In 1926, he published a fragment of what would become the fourth canto of "Altazor" in "Panorama".

In 1927, he traveled to New York, where he met Charlie Chaplin, Douglas Fairbanks and Gloria Swanson, wrote a script for a film of his novel "Cagliostro", and wrote the "Canto a Lindbergh" (Song for Lindbergh) dedicated to aviator Charles Lindbergh.

He returned to Europe by the late 1920s, where he began to write the novel, Mío Cid Campeador; he also continued his work on Altazor and began Temblor de Cielo (Tremor of Heaven). It was at this time that he discovered that he was heir to the Marquisate of Casa Real. He also participated in the Mandrágora, a Chilean surrealist movement founded in 1938. There was a scandal when he married Ximena Amunátegui in a Muslim ceremony.

In 1930, while in the Italian Alps, he wrote "La Proxima" (The Next), and published his poem "Chanson de l'oeuf et de l'infini" (Song of the Egg and Infinity) in the magazine "Revue Européenne" and a fragment of "Altazor", in French, in the June edition of "Transition".

In 1931, he went back to Madrid to publish "Altazor", where he attended Federico García Lorca's poetry recital "Poet in New York" and started his friendship with Uruguayan painter Joaquín Torres García. The same year he published "Portrait of a Paladin" and the English versions of his "Mío Cid Campeador", "Temblor de Cielo" and "Altazor".

=== Return to Chile ===

Huidobro went back to Chile in 1932, under the pressure of the Great Depression. In Chile, he published "Gilles de Raíz".

In 1933, he got involved with the Communist Party of Chile and published his article "Manifiesto a la juventud de Hispanoamérica" (Manifesto to the Youth of Hispano America) in Barcelona's "Europa" magazine, where he proposed the creation of a united republic formed of Bolivia, Chile, Paraguay and Uruguay.

In 1934 he wrote film reviews for Santiago magazines and newspapers, and published "La Próxima" (The Next) (Santiago, Walton); "Papá o el diario de Alicia Mir" (Father, or the diary of Alicia Mir) (Santiago, Walton), a novel written as a diary; and the play "En la Luna" (In the Moon) (Santiago, Ercilla).
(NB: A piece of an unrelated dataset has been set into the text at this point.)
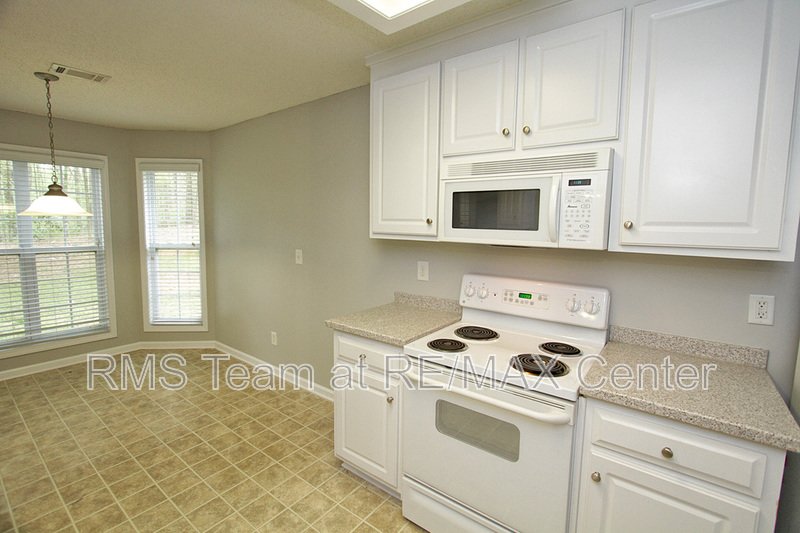 Gorgeous stepless 3 BR/2 BA Ranch in Winder! property image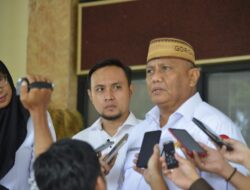 Korban Investasi Bodong Berkeluh Kesah ke Gubernur Rusli Habibie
He founded the magazine Vital/Ombligo with Omar Cáceres and Eduardo Anguita.

In 1935 a young Volodia Teitelboim read a Rabindranath Tagore poem, similar to Poem 16 of Neruda's Twenty Love Poems and a Song of Despair, Teitelboim mentioned this to Huidobro, and Huidobro accused Neruda of plagiarism. This would initiate a conflict between Neruda and Huidobro that later would involve Pablo de Rokha.

In 1936, along with Picasso, Arp, Kandinsky, and Robert and Sonia Delaunay among others, he signed the "Dimensionist Manifesto"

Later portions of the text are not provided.